╭─ SUPPLIED DATA

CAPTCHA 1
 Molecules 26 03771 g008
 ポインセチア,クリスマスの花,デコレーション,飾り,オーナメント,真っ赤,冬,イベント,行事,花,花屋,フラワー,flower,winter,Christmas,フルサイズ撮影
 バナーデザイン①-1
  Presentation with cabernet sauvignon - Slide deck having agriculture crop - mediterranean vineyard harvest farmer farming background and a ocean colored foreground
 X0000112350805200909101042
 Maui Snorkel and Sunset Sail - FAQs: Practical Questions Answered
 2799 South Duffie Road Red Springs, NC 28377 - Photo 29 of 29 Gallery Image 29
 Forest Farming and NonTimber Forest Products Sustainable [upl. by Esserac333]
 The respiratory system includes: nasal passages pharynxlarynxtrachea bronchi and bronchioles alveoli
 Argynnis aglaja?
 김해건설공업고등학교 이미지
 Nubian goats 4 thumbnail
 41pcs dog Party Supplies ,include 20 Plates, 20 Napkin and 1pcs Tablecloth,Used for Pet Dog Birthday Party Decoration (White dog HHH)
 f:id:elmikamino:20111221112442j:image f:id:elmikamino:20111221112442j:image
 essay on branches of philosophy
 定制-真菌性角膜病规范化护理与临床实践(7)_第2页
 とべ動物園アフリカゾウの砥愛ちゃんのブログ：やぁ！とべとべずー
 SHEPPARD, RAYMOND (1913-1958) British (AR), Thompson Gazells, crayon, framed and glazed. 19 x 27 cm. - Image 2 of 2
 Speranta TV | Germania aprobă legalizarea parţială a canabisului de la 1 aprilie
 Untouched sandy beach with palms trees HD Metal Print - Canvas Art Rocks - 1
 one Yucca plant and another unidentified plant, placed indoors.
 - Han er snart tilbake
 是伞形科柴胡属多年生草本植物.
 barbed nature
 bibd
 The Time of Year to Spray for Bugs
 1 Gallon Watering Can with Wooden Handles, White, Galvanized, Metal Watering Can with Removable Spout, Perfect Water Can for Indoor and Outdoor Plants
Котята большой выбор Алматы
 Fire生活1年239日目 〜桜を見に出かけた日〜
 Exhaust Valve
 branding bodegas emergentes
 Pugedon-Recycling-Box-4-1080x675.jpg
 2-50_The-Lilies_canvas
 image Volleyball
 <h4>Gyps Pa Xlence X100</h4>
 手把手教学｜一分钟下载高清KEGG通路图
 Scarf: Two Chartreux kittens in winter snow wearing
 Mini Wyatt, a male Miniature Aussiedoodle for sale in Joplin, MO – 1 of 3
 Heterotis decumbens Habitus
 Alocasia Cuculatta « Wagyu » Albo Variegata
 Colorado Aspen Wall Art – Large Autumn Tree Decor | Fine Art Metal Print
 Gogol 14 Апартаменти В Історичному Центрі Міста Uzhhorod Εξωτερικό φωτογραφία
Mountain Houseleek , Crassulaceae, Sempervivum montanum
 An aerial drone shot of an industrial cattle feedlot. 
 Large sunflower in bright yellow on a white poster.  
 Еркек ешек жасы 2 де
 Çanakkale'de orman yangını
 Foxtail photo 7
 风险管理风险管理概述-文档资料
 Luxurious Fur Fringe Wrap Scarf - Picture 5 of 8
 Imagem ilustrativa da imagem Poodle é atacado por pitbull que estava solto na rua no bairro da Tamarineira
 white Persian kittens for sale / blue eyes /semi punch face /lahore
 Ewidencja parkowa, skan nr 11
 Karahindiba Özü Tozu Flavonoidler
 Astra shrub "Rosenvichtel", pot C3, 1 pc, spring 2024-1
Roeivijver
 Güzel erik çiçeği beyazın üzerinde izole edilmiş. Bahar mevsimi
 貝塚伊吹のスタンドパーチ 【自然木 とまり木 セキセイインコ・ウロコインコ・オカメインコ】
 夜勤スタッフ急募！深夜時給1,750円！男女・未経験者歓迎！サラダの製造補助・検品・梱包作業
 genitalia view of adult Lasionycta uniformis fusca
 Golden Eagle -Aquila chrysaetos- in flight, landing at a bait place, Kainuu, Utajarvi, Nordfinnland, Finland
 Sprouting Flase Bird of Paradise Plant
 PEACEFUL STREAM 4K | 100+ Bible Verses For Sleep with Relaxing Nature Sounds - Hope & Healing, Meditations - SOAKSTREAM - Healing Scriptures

╰─

* [ASSIGNMENT]: Set down every entry exactly as given.

* [OUTPUT OF THE EXERCISE]:
CAPTCHA 1
 Molecules 26 03771 g008
 ポインセチア,クリスマスの花,デコレーション,飾り,オーナメント,真っ赤,冬,イベント,行事,花,花屋,フラワー,flower,winter,Christmas,フルサイズ撮影
 バナーデザイン①-1
  Presentation with cabernet sauvignon - Slide deck having agriculture crop - mediterranean vineyard harvest farmer farming background and a ocean colored foreground
 X0000112350805200909101042
 Maui Snorkel and Sunset Sail - FAQs: Practical Questions Answered
 2799 South Duffie Road Red Springs, NC 28377 - Photo 29 of 29 Gallery Image 29
 Forest Farming and NonTimber Forest Products Sustainable [upl. by Esserac333]
 The respiratory system includes: nasal passages pharynxlarynxtrachea bronchi and bronchioles alveoli
 Argynnis aglaja?
 김해건설공업고등학교 이미지
 Nubian goats 4 thumbnail
 41pcs dog Party Supplies ,include 20 Plates, 20 Napkin and 1pcs Tablecloth,Used for Pet Dog Birthday Party Decoration (White dog HHH)
 f:id:elmikamino:20111221112442j:image f:id:elmikamino:20111221112442j:image
 essay on branches of philosophy
 定制-真菌性角膜病规范化护理与临床实践(7)_第2页
 とべ動物園アフリカゾウの砥愛ちゃんのブログ：やぁ！とべとべずー
 SHEPPARD, RAYMOND (1913-1958) British (AR), Thompson Gazells, crayon, framed and glazed. 19 x 27 cm. - Image 2 of 2
 Speranta TV | Germania aprobă legalizarea parţială a canabisului de la 1 aprilie
 Untouched sandy beach with palms trees HD Metal Print - Canvas Art Rocks - 1
 one Yucca plant and another unidentified plant, placed indoors.
 - Han er snart tilbake
 是伞形科柴胡属多年生草本植物.
 barbed nature
 bibd
 The Time of Year to Spray for Bugs
 1 Gallon Watering Can with Wooden Handles, White, Galvanized, Metal Watering Can with Removable Spout, Perfect Water Can for Indoor and Outdoor Plants
Котята большой выбор Алматы
 Fire生活1年239日目 〜桜を見に出かけた日〜
 Exhaust Valve
 branding bodegas emergentes
 Pugedon-Recycling-Box-4-1080x675.jpg
 2-50_The-Lilies_canvas
 image Volleyball
 <h4>Gyps Pa Xlence X100</h4>
 手把手教学｜一分钟下载高清KEGG通路图
 Scarf: Two Chartreux kittens in winter snow wearing
 Mini Wyatt, a male Miniature Aussiedoodle for sale in Joplin, MO – 1 of 3
 Heterotis decumbens Habitus
 Alocasia Cuculatta « Wagyu » Albo Variegata
 Colorado Aspen Wall Art – Large Autumn Tree Decor | Fine Art Metal Print
 Gogol 14 Апартаменти В Історичному Центрі Міста Uzhhorod Εξωτερικό φωτογραφία
Mountain Houseleek , Crassulaceae, Sempervivum montanum
 An aerial drone shot of an industrial cattle feedlot. 
 Large sunflower in bright yellow on a white poster.  
 Еркек ешек жасы 2 де
 Çanakkale'de orman yangını
 Foxtail photo 7
 风险管理风险管理概述-文档资料
 Luxurious Fur Fringe Wrap Scarf - Picture 5 of 8
 Imagem ilustrativa da imagem Poodle é atacado por pitbull que estava solto na rua no bairro da Tamarineira
 white Persian kittens for sale / blue eyes /semi punch face /lahore
 Ewidencja parkowa, skan nr 11
 Karahindiba Özü Tozu Flavonoidler
 Astra shrub "Rosenvichtel", pot C3, 1 pc, spring 2024-1
Roeivijver
 Güzel erik çiçeği beyazın üzerinde izole edilmiş. Bahar mevsimi
 貝塚伊吹のスタンドパーチ 【自然木 とまり木 セキセイインコ・ウロコインコ・オカメインコ】
 夜勤スタッフ急募！深夜時給1,750円！男女・未経験者歓迎！サラダの製造補助・検品・梱包作業
 genitalia view of adult Lasionycta uniformis fusca
 Golden Eagle -Aquila chrysaetos- in flight, landing at a bait place, Kainuu, Utajarvi, Nordfinnland, Finland
 Sprouting Flase Bird of Paradise Plant
 PEACEFUL STREAM 4K | 100+ Bible Verses For Sleep with Relaxing Nature Sounds - Hope & Healing, Meditations - SOAKSTREAM - Healing Scriptures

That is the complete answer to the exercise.